| Problem description |
When you reach the line containing "Taburete de Bar", begin reproducing the material exactly, stop after the line containing "SZN Men Self", and leave out any pictures along the way.

| Exercise materials |
────────────────────────────────────────

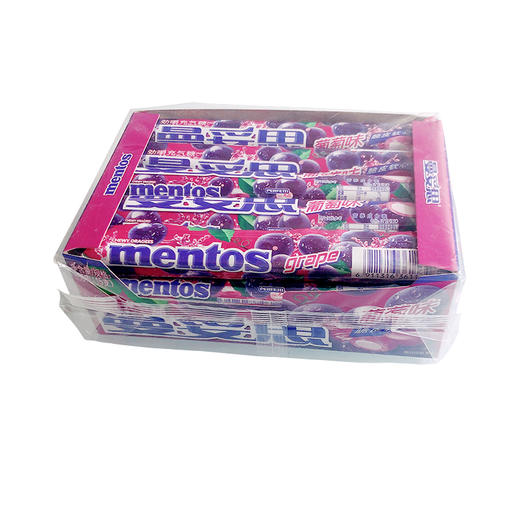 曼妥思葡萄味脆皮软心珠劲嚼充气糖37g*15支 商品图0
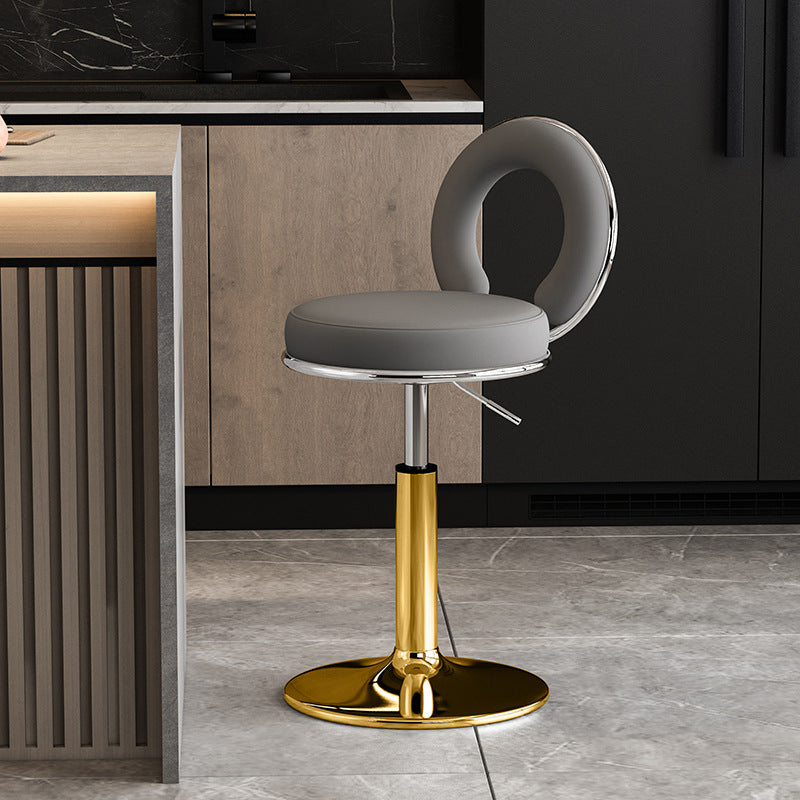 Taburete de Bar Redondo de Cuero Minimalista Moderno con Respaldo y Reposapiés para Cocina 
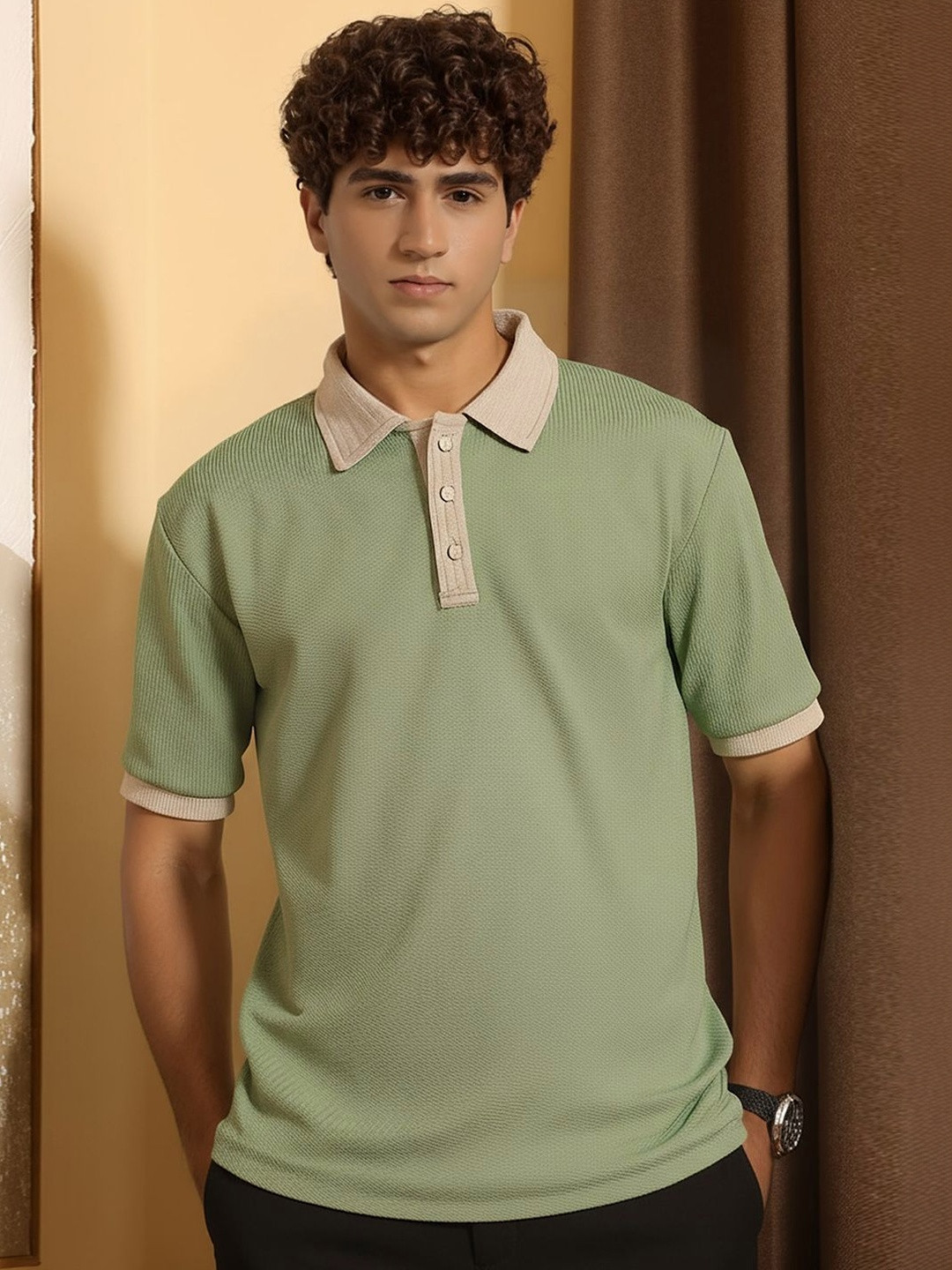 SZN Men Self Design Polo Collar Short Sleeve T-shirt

────────────────────────────────────────

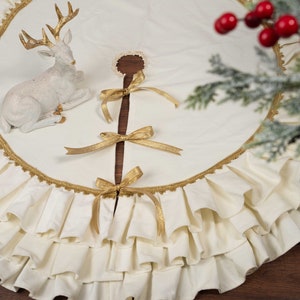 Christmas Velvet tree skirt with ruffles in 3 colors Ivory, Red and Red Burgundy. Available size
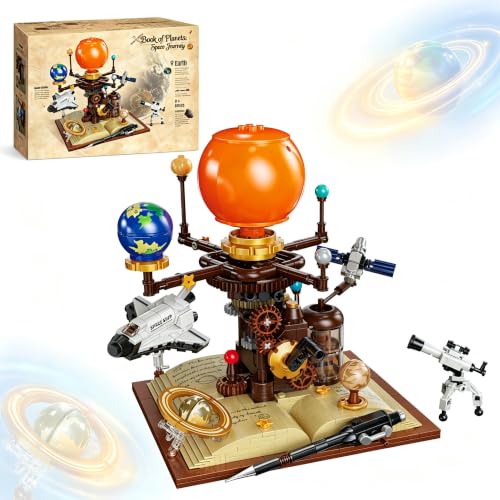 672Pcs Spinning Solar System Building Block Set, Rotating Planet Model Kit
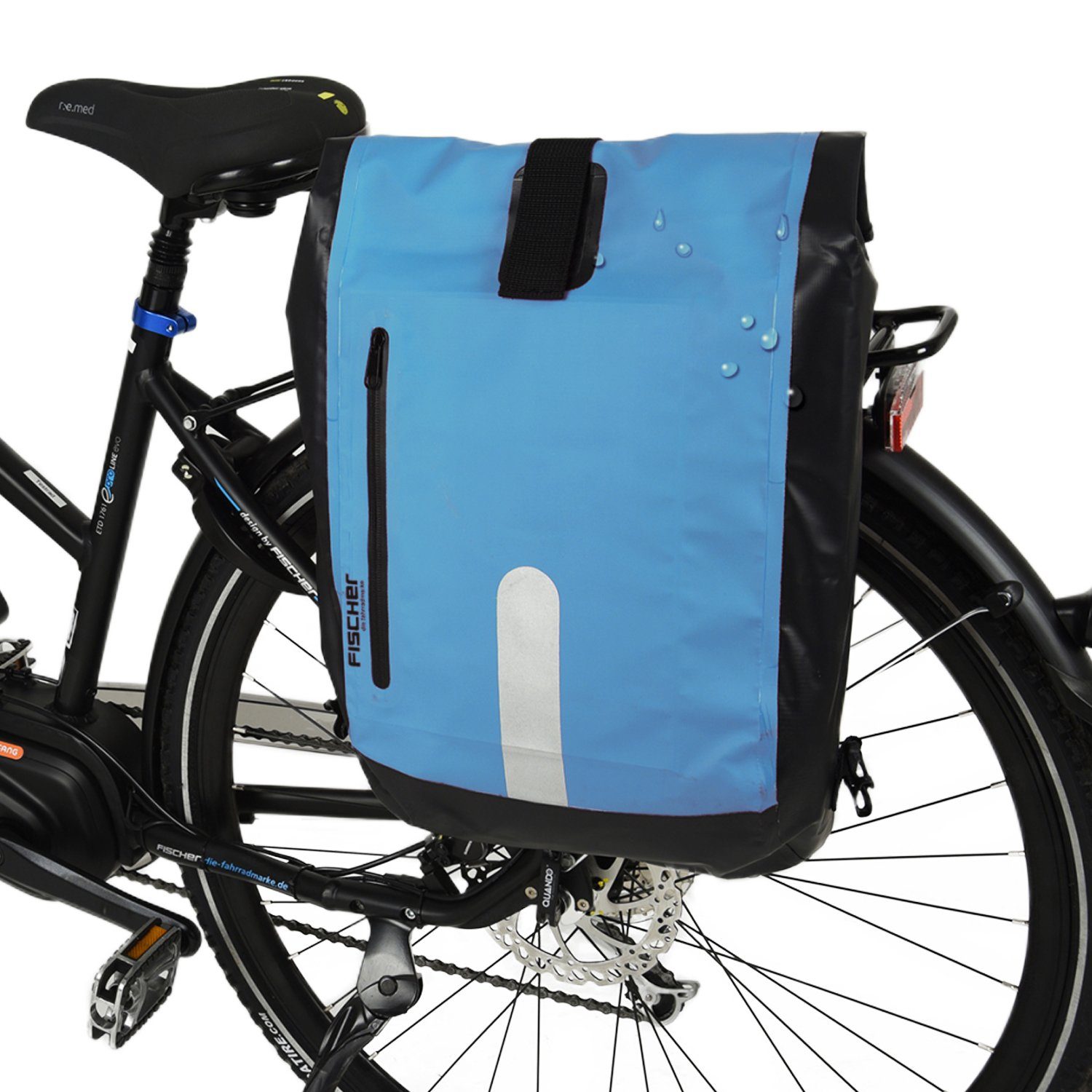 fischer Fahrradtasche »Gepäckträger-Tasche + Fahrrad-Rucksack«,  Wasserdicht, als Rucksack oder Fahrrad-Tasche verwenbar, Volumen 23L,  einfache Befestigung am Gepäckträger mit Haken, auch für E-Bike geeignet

────────────────────────────────────────

| Written response |
 Taburete de Bar Redondo de Cuero Minimalista Moderno con Respaldo y Reposapiés para Cocina 
 SZN Men Self Design Polo Collar Short Sleeve T-shirt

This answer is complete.